Em círculos, elipses, quadrados ou rectângulos, há Tulou para vários gostos. As que mais impressionam os visitantes são, normalmente, as circulares onde o diâmetro tem até 82 metros, numa das maiores Tulou e que já foi casa de mais de 600 pessoas. A mais pequena, com 20 metros de diâmetro também é uma atracção mas, ao contrário das maiores, está hoje totalmente abandonada. Por uma questão estrutural e do próprio método de construção, as paredes são mais largas na base que no topo e há quem refira como outro exemplo, as pirâmides do Egipto onde também é a base que sustenta o resto. Na estrutura que faz lembrar uma praça de touros, pessoas e animais compartem o mesmo espaço e no grande pátio interior no centro da casa, é normal ver as galinhas a passearem na divisão que funciona para o encontro da comunidade.

Antigamente, as pessoas que viviam numa mesma Tulou partilhavam o mesmo apelido mas hoje, depois de tantas gerações, o princípio já não é o mesmo. Em todas, independentemente do formato que têm, os andares diferenciam-se por funções.

No rés-do-chão ficam as cozinhas, salas de comer e espaços para os animais. O primeiro andar destina-se aos armazéns e o terceiro aos quartos. Cada família divide a vida diária entre os três andares, com direito a uma divisão, respectivamente, em cada um. As janelas existem unicamente nos andares superiores dedicados aos quartos. Algumas casas dispõem de um quarto andar onde ficam as salas de repouso. A maioria das divisões tem aproximadamente dez metros quadrados.

Todas as casas dispõem unicamente de uma grande porta de entrada. Até hoje, as pesadas portas de madeira que protegeram várias gerações, mantêm-se inalteráveis e ao contrário de outros tempos os habitantes lembram “agora já não temos necessidade de fechar a porta central porque não se corre perigo”.

Chuxi tem cinco grandes habitações circulares e mais um conjunto de rectangulares. Vários das Tulou na aldeia remontam à dinastia Ming no século XV. Também ali a população não é numerosa e, numa forma de revitalizar o local, alugam-se quartos a turistas que passam pela região.

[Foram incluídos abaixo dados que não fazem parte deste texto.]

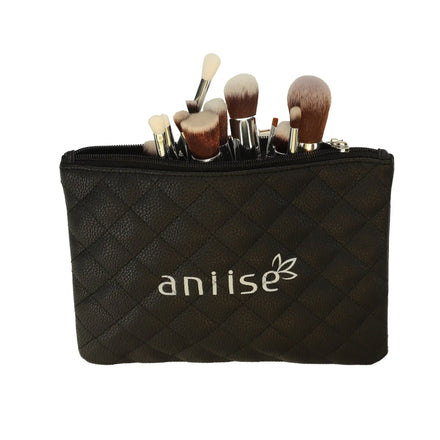 Set of 15 Professional Synthetic Makeup Brushes in shade Black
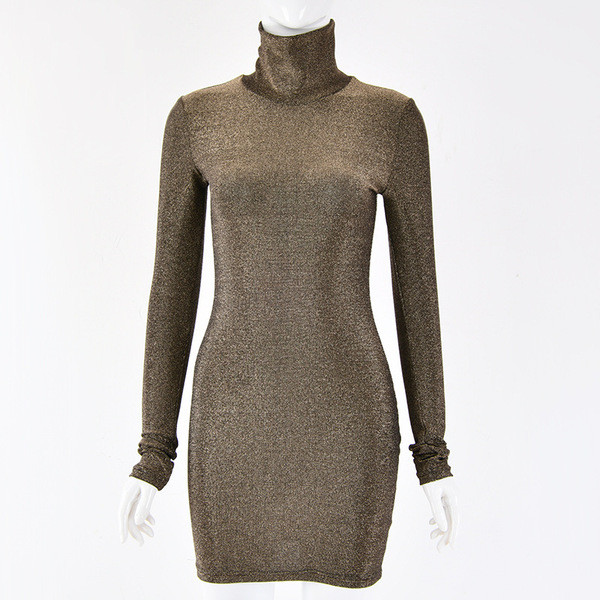 Modern női ruha fényes hatású pólógallérral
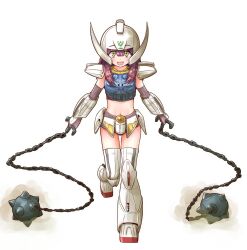 1girl :d ball_and_chain_(weapon) chain commentary_request cosplay dot_nose gundam helmet holding holding_chain jagi_(jagi_souken) long_hair looking_at_viewer midriff navel open_mouth purple_hair simple_background smile solo toki_ayano turn_a_gundam turn_a_gundam_(mobile_suit) turn_a_gundam_(mobile_suit)_(cosplay) walking weapon white_background yellow_eyes yurucamp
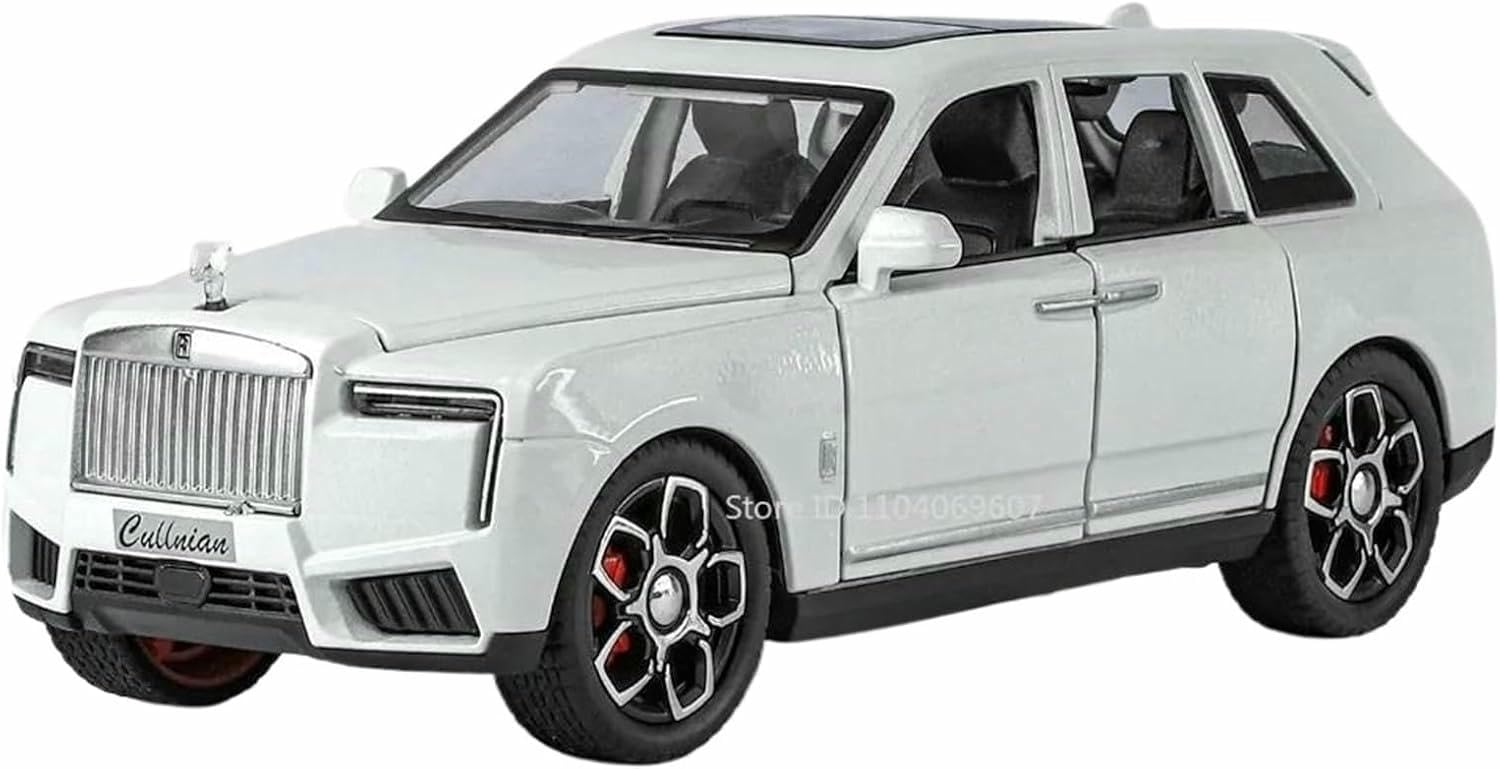 Deaver For Cullinan White Diecast 1:32 For Rolls-Royce For Cullinan For Wraith Scale Alloy Car Models Realistic Openable Door Finished Vehicle Model Collection(For Cullinan White)
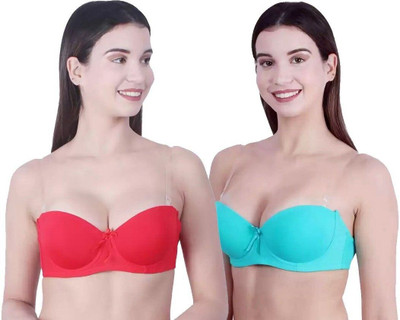 HouseOfCommon Women Balconette Lightly Padded Bra(Light Green, Red)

As casas dividem-se entre pequenas, médias e grandes, com diferenças que vão dos 18 quartos no último piso até aos 72 para as maiores. Mas se as casas de terra têm a vantagem de se terem mantido inalteráveis, têm, por outro lado, a desvantagem da falta de casas de banho interiores, algo que não se usava à data da construção. A forma de construção tradicional é um charme, mas também uma dificuldade para aqueles que esperam que as casas não percam de vez os seus habitantes, hoje já em número reduzido. De bicicleta ou de carro é a melhor maneira de conhecer a arquitectura Hakka. As aldeias ficam a vários quilómetros umas das outras, nos vales escondidos entre as montanhas. Integrado em livros de turismo rural na China, as casas Hakka existem como habitações próprias, mas onde se deixam entrar viajantes de fora. Verdadeiras fortalezas, são construções que intrigam quem as visita. Os grandes círculos, com diâmetros variáveis, obedecem no interior ao símbolo do “Bagua”, um mapa energético com oito lados e onde o Yin e o Yang estão ao centro.

Originário do “Livro das Mutações” do I-Ching, o “Bagua” corresponde aos oito trigramas em conjunção com a teoria dos cinco elementos – madeira, fogo, terra, metal e água. Trata-se de uma representação mística das energias do Yin e do Yang. Uma busca da harmonia que não foi esquecida quando se empreendeu a primeira construção.

Testemunhas do tempo e da História, as Tulou pertencem a uma arquitectura tradicional que já não se repete.

Tratava-se de uma forma de vida colectiva onde a privacidade tinha um papel secundário. Actualmente são parte de uma linguagem comum, partilhada agora apenas por quem os habita.

 

Um património a proteger

 

Qualquer conversa nas aldeias leva ao tema das antigas habitações estarem propostas para integrar a lista de património da Humanidade da UNESCO. Para Chen, esta é uma mudança que pode estar para breve. No entanto, não foi em 2007 e não se sabe se será em 2008.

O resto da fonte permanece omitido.